McLaren Racing CEO Zak Brown has reportedly claimed that exceeding the budget cap or a procedural breach is cheating.
It has been confirmed by the FIA that Red Bull committed a minor overspend breach in 2021, the first season where the cost cap was active, which amounts to anything up to five percent of the $145m limit.
This means that Red Bull could have gone anywhere as far as $7.25million over the limit.
The FIA must now determine a course of action which will set a precedent for how cost cap breaches will be dealt with.
And BBC Sport are reporting that Brown has sent a letter to the FIA, claiming that overspending and potential procedural breaches too equal “cheating”, and he wants to see sporting penalties issued, though he has not mentioned any team by name.
BBC Sport state that the letter is ‘addressed to FIA president Mohammed Ben Sulayem, and copied to F1 president Stefano Domenicali’.
In addition, it has allegedly been sent to the other teams alongside McLaren ruled in compliance of the 2021 cap, those being Ferrari, Mercedes, Alpine, Alfa Romeo and Haas.
That leaves two other teams not yet mentioned, those being Aston Martin and Williams.
It had already been confirmed earlier in the season that Williams had been fined after they committed a procedural breach of the 2021 cap, the same error that Aston Martin were found guilty of.
Only Red Bull then have spent beyond the $145m stated in the 2021 cap.
BBC Sport quote Brown’s letter as reading: “The overspend breach, and possibly the procedural breaches, constitute cheating by offering a significant advantage across technical, sporting and financial regulations.
“The FIA has run an extremely thorough, collaborative and open process. We have even been given a one-year dress rehearsal (in 2020), with ample opportunity to seek any clarification if details were unclear. So, there is no reason for any team to now say they are surprised.

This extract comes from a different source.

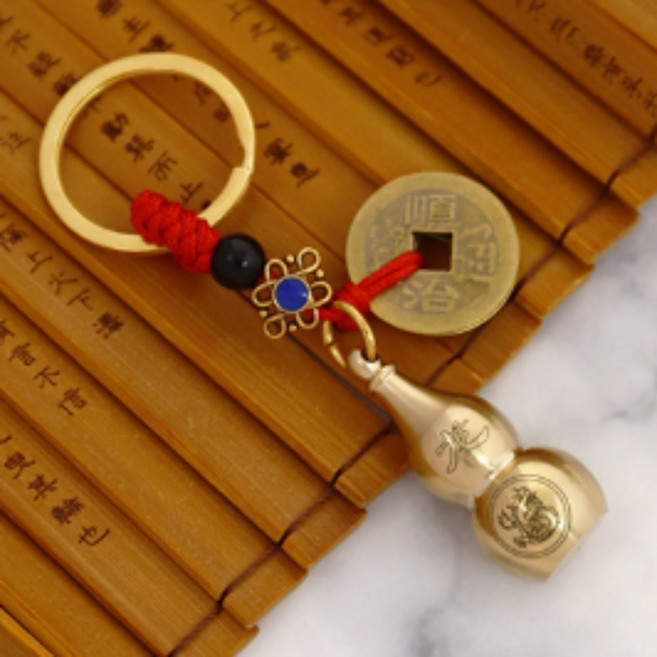 조롱박 엽전 열쇠고리 키링 12간지 각인 재물운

“The bottom line is any team who has overspent has gained an unfair advantage both in the current and following year’s car development.
“We don’t feel a financial penalty alone would be a suitable penalty for an overspend breach or a serious procedural breach. There clearly needs to be a sporting penalty in these instances, as determined by the FIA.

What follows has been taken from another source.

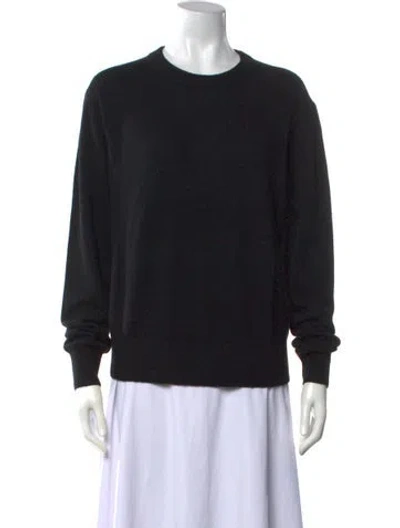 Pre-owned White + Warren Cashmere Crew Neck Sweater In Black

“We suggest that the overspend should be penalised by way of a reduction to the team’s cost cap in the year following the ruling, and the penalty should be equal to the overspend plus a further fine – ie an overspend of $2m in 2021, which is identified in 2022, would result in a $4m deduction in 2023 ($2m to offset the overspend plus $2m fine).
“For context, $2m is (a) 25-50% upgrade to (an) annual car-development budget and hence would have a significant positive and long-lasting benefit.
“In addition, we believe there should be minor overspend sporting penalties of a 20% reduction in CFD and wind tunnel time. These should be enforced in the following year, to mitigate against the unfair advantage the team has and will continue to benefit from.”
Brown reportedly also suggests that committing a second minor overspend should automatically trigger a major overspend breach, as well as reducing the 5% margin for a minor overspend to 2.5%.